We need God’s Spirit more than we need his answers. 

But see, so many times when hardship comes we get right into the questions. We want to know why. We want to discern the design in the details. And so we press in and we wonder: maybe God is doing this, or this, or this — and it’s okay to do that. There is a holy humility that presses in with God and says, “Father, what are you doing?” That’s okay. The psalms do that, and we can do that in faith. 

 

But even in our asking why, even as we are seeking answers from God, eventually we come to a place where we mainly just need his nearness.

 

And in that place of hardship and suffering, our most earnest prayer is not for an explanation of our circumstances, but it’s for God not to leave us. Because we know that whatever it is that he brings us to, whatever the situation is, we know that as long as he is with us, eventually everything will be all right. (And I mean that in the deepest sense of “all” and the deepest sense of “right.”) God is creating a new world. 

His nearness is our good, and his nearness is enough. And God, we can’t go a step without you.

 

The pastors met this past Thursday night, and I was telling them that in one way it feels like we’re starting all over again as a church. Having a place to worship on Sundays is a big deal, and right now we don’t have one come September 3. (And I know that when I say that, some of us immediately start thinking about all these possibilities. What about all this place and this place? Some of us are just wired that way, and I’m grateful for that.)

But here’s the thing I don’t want us to miss in this season in our church’s life: We know that God is at work. We know that he’s doing something, and that whatever it is, we know that God is humbling us so that we would learn more not to rely on ourselves, but on him who raises the dead (see 2 Cor. 1:9) — that’s the way Paul understood difficulties in his ministry.

God wants our humility. He wants our faith, and that’s why we’re praying and calling for a fast on Wednesday, but get this — in our fasting and praying, we’re not just shaking heaven for an answer. Yes, we have logistics issues, and God will provide, but in this season that he has called us to as a church, we are coming to God to have more of God, because more of God is what we need the most. We need God’s Spirit more than we need his answers — and his Spirit he has given us. So we pray . . .

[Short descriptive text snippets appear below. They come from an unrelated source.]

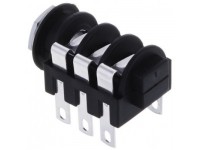 adam-hall-7217-tp-63mm-jack-socket-st_5ee8b13129373.jpg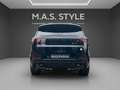 Land Rover Range Rover Sport SV Edition Two P635 4,4 V8 Carbon Keramik Bremse Schwarz - thumbnail 7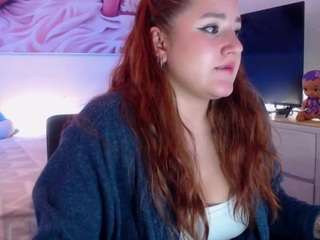 lunapalmer01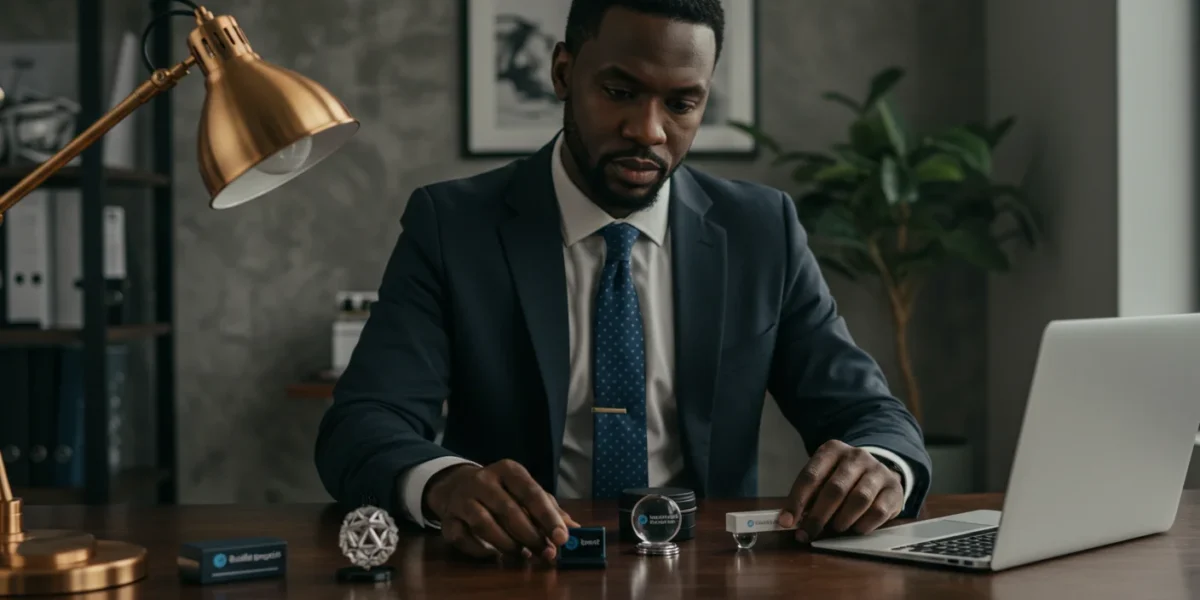 Personal Branding Trends: 5 Ways to Bulletproof 2026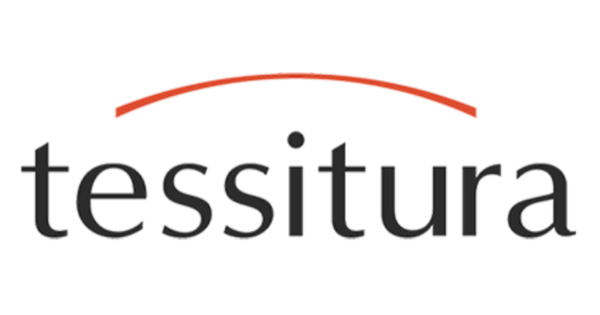 Tessitura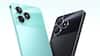 Realme C65: రూ.12 వేలలోపే కొత్త బడ్జెట్ ఫోన్ లాంచ్ చేసిన రియల్‌మీ - కేవలం 30 సెకన్ల ఛార్జింగ్‌తో!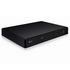 LG BP250 Blu-Ray Player image NaN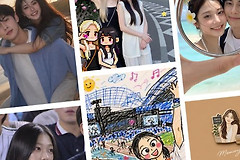 美图秀秀和醒图有什么区别？按修图目标选择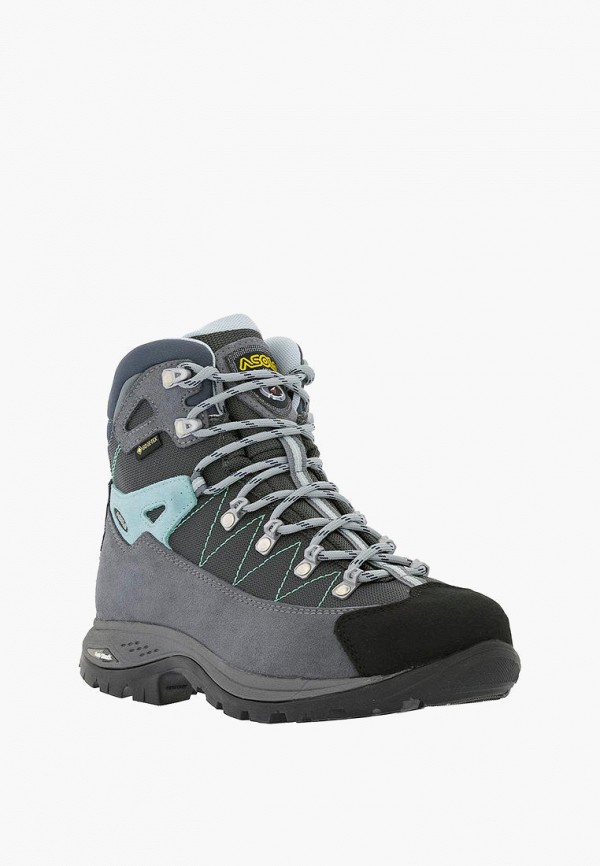 Asolo Ботинки трекинговые - фото 3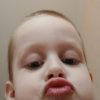 Иконка канала BabyGame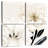 Harnek White Blossom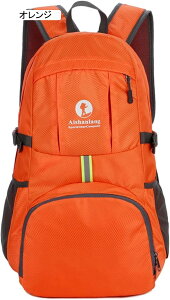 oRbN 30L oRobO e obNpbN h bNTbN UbN [ y ʋC jp @\ Lv h s nCLO AEghA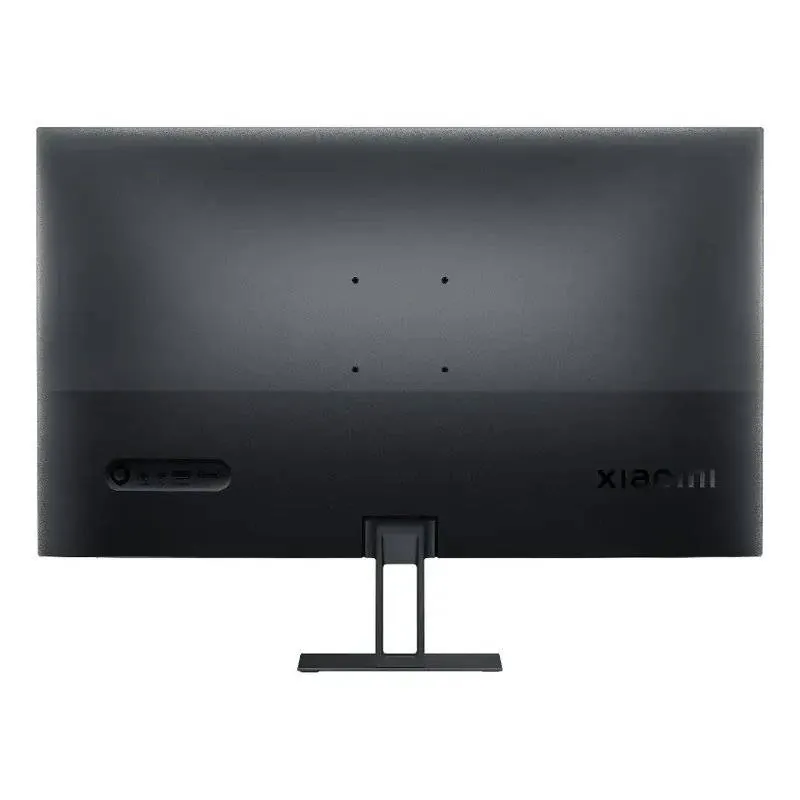 Monitor Xiaomi A27Qi 27 Pulgadas QHD IPS 100Hz Alta Precisión de Color para Productividad 2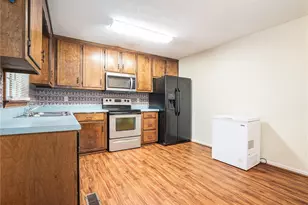 256 Frederick Dr, Athens, GA 30607 - Photo 11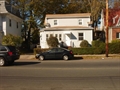 Lynn Massachusetts real estate photo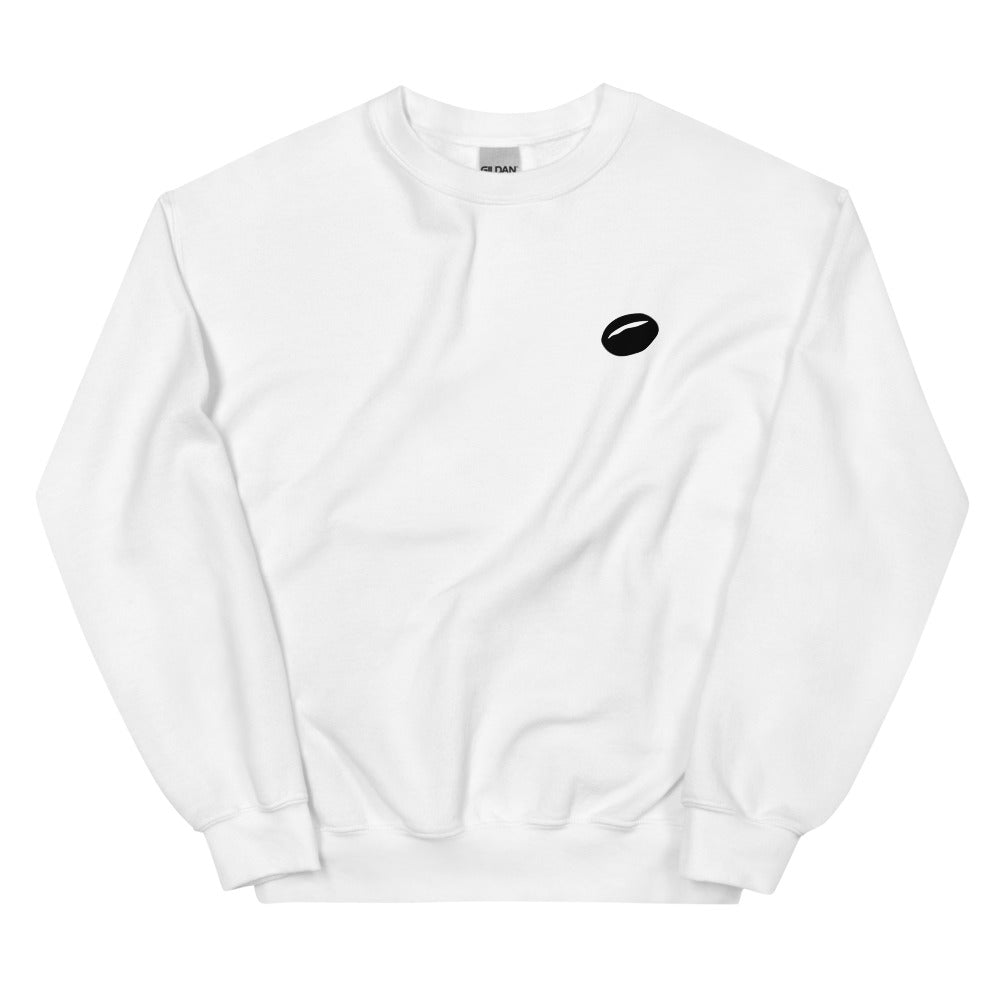 Krewneck Bean Sweatshirt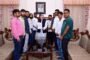 झारखंड में ड्रग माफिया द्वारा नकली दवा का धडल्ले से वितरण जारी:जे पी पांडेय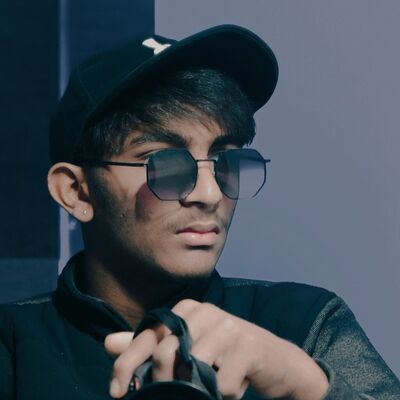  Rajkot,   Vd, 24 ,   ,   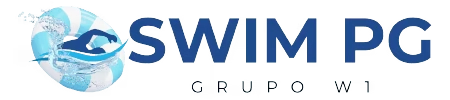 swimpg - Plataforma Oficial Bet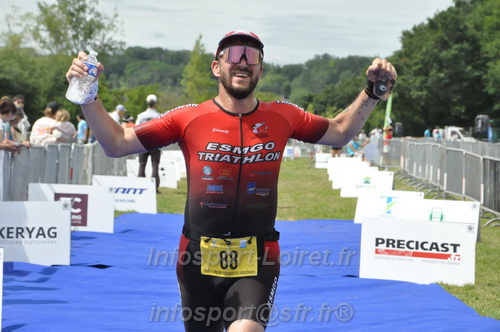 Vendome_2026_Triathlon_Dimanche/2026TV_Dimanche_08754.JPG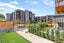 102/74 Victoria Street, Onehunga, Auckland - Carousel 1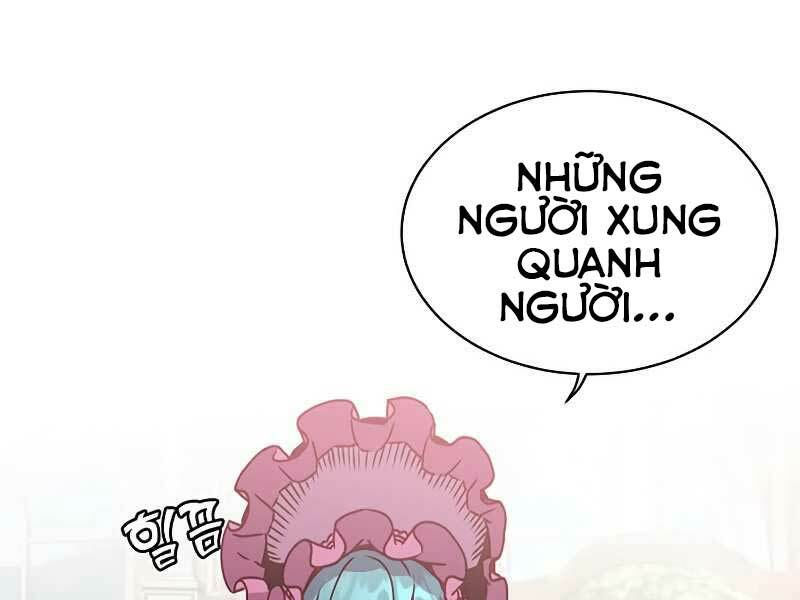 Anh Hùng Mạnh Nhất Trở Lại chapter 75 15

God, open my lips and my mouth will declare your praise. You are worthy of praise and you will be praised, and I want to get in on that praise. Please. And God, I need you to change me. I need you to change my heart, which means I need you create a new one. I need you to do with my heart what only you can do. And God, whatever comes, please don’t leave me. Tomorrow is so uncertain, and I don’t know why you’re leading me this way — I don’t know exactly what you’re doing — but God, be close to me. Be close to me. Don’t leave me. Cast me not away from your presence and take not your Holy Spirit from me. 

 

And this is what brings us to the Table. The servers can come forward. Let’s pray.

The Table

One of the most practical ways that Jesus has given us to remember his nearness is this Table. At the the Table, first, we remember the death of Jesus for us — the bread symbolizes his broken body and the cup symbolizes his shed blood. But also at the Table, when we eat the bread and drink the cup, we remember that Jesus is with us. Jesus, who is more real than anything else, is present with us at this Table by his Spirit. And our participation at this Table expresses our union with him. So if you’re here trust Jesus, if you’re united to Jesus by faith, we invite to enjoy this meal with us.